You can’t get away from it. Every meeting or public speaking event these days has to feature one. Small-group discussion is de rigueur no matter what the context. I’m expecting a workshop now every time I turn up to something that has more than two people there. Next gig I go to I fully expect the band to do half their normal set and fill in the rest of the time getting people sorted into small groups with buttons they can press to signify agreement or disagreement.

This is especially the case when someone is being paid to give a talk. Why waste your time writing down something that might interest and entertain your audience, when you can get them to do your work for you? Why spend your days trying to work an hour’s talk into a proper shape when you can get away with fifteen to twenty minutes of introductory pap, and then fill up the rest of the time getting groups of three or four utterly bored and uninterested people to talk about it themselves, and then report their bored, piss-poor observations to the rest of the room, who all nod their heads and pretend that something worthwhile is being said?

British people generally don’t like this sort of thing, but they put up with it because it’s the latest done thing, and they don’t like to be seen making a fuss. (Americans may be more enthusiastic.) Anyone who tries to get out of it will immediately be publicly shamed — I know, I’ve tried it a few times, and it’s like saying you voted Brexit at women’s group meeting.
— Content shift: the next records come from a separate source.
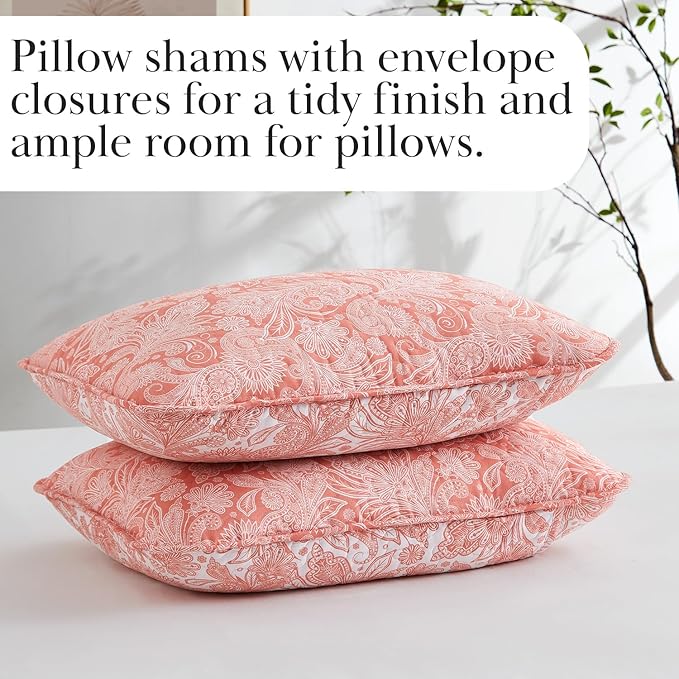 Southshore Fine Living, Inc. Twin XL Quilt Bedding Set, Boho Coverlet, Reversible Quilt, All Season 2-Piece Set with One Matching Quilted Pillow Sham, All Season Twin/XL Bedspreads for Adult, Coral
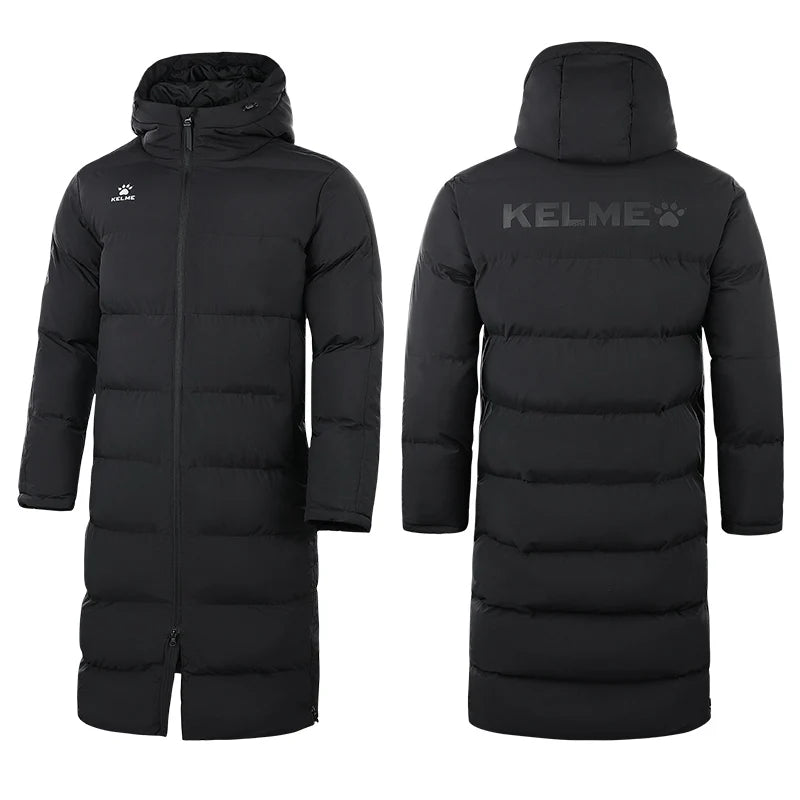 Men's Winter Jacket Long Sports Training Hooded Coat Outwear Warm Silk Cotton Windproof Cotton Clothing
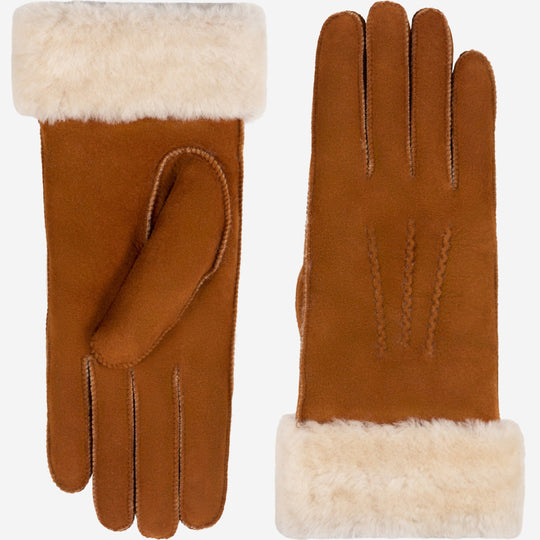 Sydney (camel) – Suede leather gloves with luxurious sheep fur lining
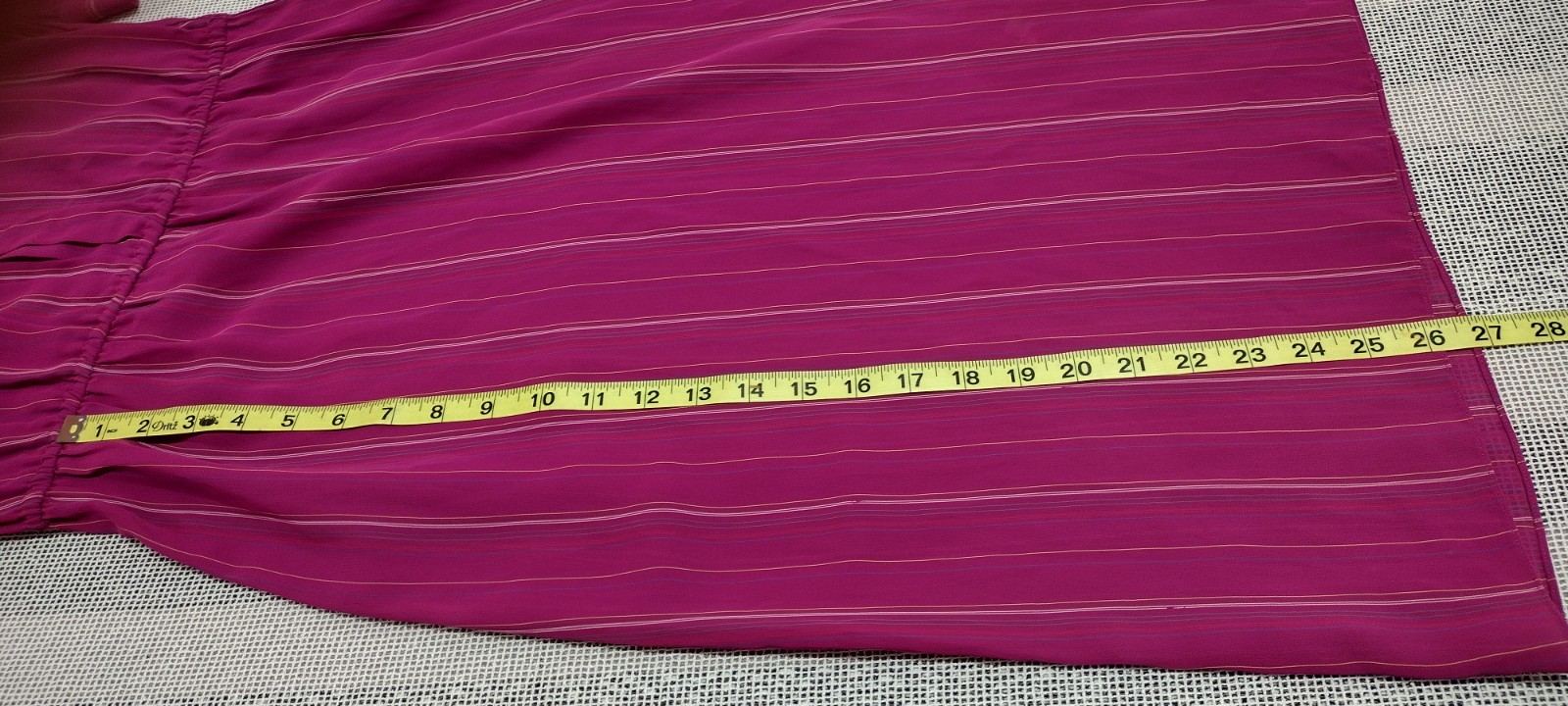 70s 80s Dress Pink Fuchsia Stripes Sheer Short Puffy Sleeve 40s 3/4 Sleeves M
The level of aggression immediately displayed towards anyone who doesn’t play the game is quite disturbing.

Also, British people tend to think that the crapness of their discussions is down to their own inadequacies. But it’s not. Every discussion in a workshop setting — except for those where it’s really important to do it, and the people involved have a real motivation to do it well — is crap.

Small group discussion is, of course, suitable for seminars/tutorials at University. That’s their proper place, where the point is (or used to be) to develop bright young minds. But even there they’re mostly crap, and mostly painful for everyone involved. They’re not something you want to do again once you leave University. On the contrary, most people who’ve got their BA never want to do one ever again. If they do, they want it to be a high-level workshop with, say, other brilliant graduate students so they can finally have a tute which isn’t full of morons.

But generally workshops outside the University context are even worse, because there’s no degree result at risk, and you’re just doing it to please your boss, or your wife or husband, and there’s no lecturer who really knows the area bringing some focus to the discussions, and filling in with useful material when conversation dries up. It’s just forty or ninety or whatever minutes of pain, when beforehand you’d gone in expecting to hear someone with some expertise talking about what it is they have expertise in, and giving you some knowledge, but instead you have to hear a load of people with no expertise in the area, including yourself, talking a load of embarrassing tosh to fill in the time because the person who supposed to have expertise either doesn’t have it, or they just couldn’t be bothered writing a proper talk.

The supposed rationale for workshops is supposed to be that you will absorb the material better if you’re engaged in it rather than being a passive recipient, and there is some truth in that if it’s a serious topic that you really want to know more about, and you have a pretty good idea already about it. But as anyone who ever went to a University tutorial/seminar unprepared can tell you (and that’s pretty much every Uni student), a tutorial/seminar that you go into without knowing anything about the topic is useless. And any tutorial/seminar that you go into where you aren’t really motivated to participate in properly is also a waste of time, even if you do know something about it.

And I’ve even been to workshops (outside the University context) where the people involved were knowledgable, and were keen to learn, but it was still rubbish. That’s because workshops just don’t suit most occasions — generally it’s a very inefficient way of transferring knowledge. It’s also because, as I said above, a workshop is usually an excuse for lazy speakers to avoid doing the work they should have done and passing the buck to the idiots who were stupid enough to waste their time turning up.

So from now on I’ll never again attend anything — any sort of occasion at all — without first checking whether it involves a ‘workshop’. If it does, it will do so without the use of my forced labour as a part of it.